Metabolite and gene associations underlying color formation in bell pepper fruit
To further analyze the relationship between metabolites and related genes in carotenoid biosynthesis pathway during yellow, orange and red pepper coloration, we have established a network based on key metabolites and related genes (Fig. 6). In different pepper fruit samples undergoing color changes (YG, YM, OG, OM, RG and RM), 7 key carotenoid metabolites and 14 key biosynthetic genes were involved in the regulation. The 14 key genes are: two GGPPS genes (gene-LOC107843186 and gene-LOC107867046), PSY1 (gene-LOC107868281) and PSY2 (gene-LOC107859651), PDS (gene-LOC107861625), Z-ISO (gene-LOC107850257), ZDS (gene-LOC107839468), CRTISO (gene-LOC107854534), LCYB (gene-LOC107869983), BCH1 (gene-LOC107863219) and BCH2 (gene-LOC107873401), LCYE (gene-LOC107840923 and gene-LOC107852092), CCS (gene-LOC107875664). Among them, GGPPS, PSY1, PDS, Z-ISO, ZDS, LCYB, BCH1, and LCYE were highly expressed at mature stage (65 DAP), positively regulating pigment accumulation. In contrast, PSY2, CRTISO, and BCH2 showed higher expression in the green ripening fruit stage (50 DAP), which may be related to pigment accumulation in the green fruit.

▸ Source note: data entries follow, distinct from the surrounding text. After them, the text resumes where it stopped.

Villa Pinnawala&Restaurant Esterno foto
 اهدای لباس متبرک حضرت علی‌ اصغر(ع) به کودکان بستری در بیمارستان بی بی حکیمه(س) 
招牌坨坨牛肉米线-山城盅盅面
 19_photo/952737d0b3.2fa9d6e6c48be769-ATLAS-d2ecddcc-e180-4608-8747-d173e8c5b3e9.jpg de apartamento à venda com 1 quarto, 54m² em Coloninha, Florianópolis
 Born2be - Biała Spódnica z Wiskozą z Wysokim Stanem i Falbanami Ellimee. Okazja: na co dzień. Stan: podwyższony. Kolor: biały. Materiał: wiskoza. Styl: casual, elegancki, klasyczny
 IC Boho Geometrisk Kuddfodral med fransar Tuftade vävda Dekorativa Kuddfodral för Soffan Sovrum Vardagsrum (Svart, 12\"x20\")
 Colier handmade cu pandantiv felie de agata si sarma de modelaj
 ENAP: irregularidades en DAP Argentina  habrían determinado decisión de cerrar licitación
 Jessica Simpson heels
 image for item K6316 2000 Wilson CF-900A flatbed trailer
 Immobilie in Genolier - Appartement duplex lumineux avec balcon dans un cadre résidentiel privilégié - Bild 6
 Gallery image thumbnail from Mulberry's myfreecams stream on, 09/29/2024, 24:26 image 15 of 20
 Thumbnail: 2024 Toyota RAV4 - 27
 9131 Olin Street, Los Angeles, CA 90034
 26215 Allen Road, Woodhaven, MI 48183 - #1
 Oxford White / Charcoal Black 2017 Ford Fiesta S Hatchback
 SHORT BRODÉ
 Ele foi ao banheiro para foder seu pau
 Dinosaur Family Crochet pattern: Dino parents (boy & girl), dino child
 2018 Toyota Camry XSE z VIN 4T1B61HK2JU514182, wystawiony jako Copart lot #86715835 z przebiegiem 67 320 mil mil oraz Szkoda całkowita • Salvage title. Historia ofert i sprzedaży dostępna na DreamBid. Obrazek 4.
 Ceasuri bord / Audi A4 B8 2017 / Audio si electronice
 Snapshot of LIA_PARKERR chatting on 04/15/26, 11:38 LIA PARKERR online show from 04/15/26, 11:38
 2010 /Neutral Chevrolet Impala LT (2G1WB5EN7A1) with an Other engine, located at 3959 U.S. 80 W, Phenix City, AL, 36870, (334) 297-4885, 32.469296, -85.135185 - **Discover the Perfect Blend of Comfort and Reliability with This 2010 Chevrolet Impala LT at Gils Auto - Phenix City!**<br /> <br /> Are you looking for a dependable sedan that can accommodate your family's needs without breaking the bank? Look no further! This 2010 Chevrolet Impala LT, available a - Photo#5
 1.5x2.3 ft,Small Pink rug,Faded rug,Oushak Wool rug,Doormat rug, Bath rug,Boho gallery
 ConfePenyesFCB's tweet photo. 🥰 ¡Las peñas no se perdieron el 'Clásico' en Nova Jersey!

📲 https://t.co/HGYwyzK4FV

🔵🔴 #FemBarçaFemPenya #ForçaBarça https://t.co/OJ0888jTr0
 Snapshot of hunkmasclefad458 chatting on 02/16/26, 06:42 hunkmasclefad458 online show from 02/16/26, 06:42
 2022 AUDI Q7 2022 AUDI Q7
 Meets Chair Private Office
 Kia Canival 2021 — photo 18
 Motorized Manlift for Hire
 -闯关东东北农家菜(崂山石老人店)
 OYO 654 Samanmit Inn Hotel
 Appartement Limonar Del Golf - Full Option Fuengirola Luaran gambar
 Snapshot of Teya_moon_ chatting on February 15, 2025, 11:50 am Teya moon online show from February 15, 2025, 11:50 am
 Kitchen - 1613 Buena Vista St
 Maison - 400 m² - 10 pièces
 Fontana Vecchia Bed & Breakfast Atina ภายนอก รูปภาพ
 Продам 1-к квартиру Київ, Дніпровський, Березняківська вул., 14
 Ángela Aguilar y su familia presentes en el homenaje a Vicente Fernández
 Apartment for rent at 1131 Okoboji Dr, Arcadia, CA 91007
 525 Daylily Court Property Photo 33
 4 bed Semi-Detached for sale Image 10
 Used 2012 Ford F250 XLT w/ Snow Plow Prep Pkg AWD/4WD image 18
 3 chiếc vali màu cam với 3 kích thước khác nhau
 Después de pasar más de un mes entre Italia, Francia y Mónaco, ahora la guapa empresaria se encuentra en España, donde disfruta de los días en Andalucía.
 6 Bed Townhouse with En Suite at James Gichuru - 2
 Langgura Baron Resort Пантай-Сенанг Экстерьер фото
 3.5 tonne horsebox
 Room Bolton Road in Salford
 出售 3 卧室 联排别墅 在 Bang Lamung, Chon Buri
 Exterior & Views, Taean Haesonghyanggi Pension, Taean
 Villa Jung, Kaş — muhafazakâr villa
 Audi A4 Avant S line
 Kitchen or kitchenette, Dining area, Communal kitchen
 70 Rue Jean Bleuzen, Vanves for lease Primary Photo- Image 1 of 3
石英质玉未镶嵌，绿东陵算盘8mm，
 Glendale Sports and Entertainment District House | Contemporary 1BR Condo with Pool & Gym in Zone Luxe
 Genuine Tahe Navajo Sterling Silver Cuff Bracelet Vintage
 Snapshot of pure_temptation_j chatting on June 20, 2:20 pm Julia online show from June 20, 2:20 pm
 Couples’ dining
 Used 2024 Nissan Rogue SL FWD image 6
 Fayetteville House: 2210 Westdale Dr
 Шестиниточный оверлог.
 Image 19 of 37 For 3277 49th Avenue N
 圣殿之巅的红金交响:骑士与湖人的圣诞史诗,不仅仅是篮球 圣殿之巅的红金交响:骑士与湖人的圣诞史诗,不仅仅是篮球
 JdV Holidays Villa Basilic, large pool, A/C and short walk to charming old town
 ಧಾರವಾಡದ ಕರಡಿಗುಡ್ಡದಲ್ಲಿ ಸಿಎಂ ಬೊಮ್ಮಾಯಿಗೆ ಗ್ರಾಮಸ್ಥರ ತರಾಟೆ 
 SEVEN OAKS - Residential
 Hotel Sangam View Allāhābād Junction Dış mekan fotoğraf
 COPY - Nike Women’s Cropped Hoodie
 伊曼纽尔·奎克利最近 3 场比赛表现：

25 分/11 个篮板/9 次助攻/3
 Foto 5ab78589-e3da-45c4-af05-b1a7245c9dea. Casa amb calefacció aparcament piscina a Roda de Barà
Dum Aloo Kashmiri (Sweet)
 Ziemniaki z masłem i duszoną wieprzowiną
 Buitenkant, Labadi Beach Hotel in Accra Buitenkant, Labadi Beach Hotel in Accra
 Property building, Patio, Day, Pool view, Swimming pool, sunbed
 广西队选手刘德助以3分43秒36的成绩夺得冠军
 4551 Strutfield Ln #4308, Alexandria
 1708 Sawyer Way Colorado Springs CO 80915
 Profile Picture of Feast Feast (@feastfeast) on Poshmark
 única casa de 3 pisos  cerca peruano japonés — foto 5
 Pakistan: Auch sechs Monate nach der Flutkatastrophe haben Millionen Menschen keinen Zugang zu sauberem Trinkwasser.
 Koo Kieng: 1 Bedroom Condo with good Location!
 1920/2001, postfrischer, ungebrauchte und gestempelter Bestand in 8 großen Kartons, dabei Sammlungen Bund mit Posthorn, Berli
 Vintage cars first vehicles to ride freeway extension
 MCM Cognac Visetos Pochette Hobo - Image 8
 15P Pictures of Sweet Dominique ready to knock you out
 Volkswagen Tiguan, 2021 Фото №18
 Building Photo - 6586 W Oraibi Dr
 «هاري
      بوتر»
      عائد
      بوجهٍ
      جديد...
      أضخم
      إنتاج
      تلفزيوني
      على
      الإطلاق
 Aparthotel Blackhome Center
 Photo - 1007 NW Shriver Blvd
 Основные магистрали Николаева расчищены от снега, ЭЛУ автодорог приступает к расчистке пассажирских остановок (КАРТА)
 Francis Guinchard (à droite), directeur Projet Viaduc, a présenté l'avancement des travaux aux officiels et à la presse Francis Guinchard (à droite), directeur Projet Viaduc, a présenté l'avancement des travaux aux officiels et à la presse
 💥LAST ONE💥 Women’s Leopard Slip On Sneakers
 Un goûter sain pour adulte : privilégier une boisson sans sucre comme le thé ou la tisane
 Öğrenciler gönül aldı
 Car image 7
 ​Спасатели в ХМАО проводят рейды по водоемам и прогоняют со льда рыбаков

The 7 key carotenoid metabolites are: α-carotene, β-carotene, β-cryptoxanthin, zeaxanthin, lutein, capsanthin, and capsorubin. In YM and OM samples, α-carotene content was higher, related to high expression of LCYB gene. Genes BCH2 and BCH1 promoted lutein accumulation at green ripening and mature stages, respectively, laying the foundation for pepper fruit color changes. The significantly higher accumulation of zeaxanthin in OM samples was a key factor in color transition from green to orange. Furthermore, the CCS gene was only expressed in RM samples, and it determined capsanthin and capsorubin accumulatio, leading to red color in mature RM. The distinct accumulation patterns of different metabolites are closely related to specific DEGs during fruit development, which collectively regulate the color changes in pepper fruits.
qRT-PCR analysis
In order to confirm the accuracy of RNA-Seq data, we performed qRT-PCR experiments on the carotenoid biosynthesis pathway genes PSY1, PSY2, PDS, Z-ISO, ZDS, CRTISO, LCYB, LCY-E, CYP97, BCH, and CCS (Fig. 7). The expression levels of 12 genes were basically consistent with FPKM results, which supports the reliability of RNA-seq data in our study.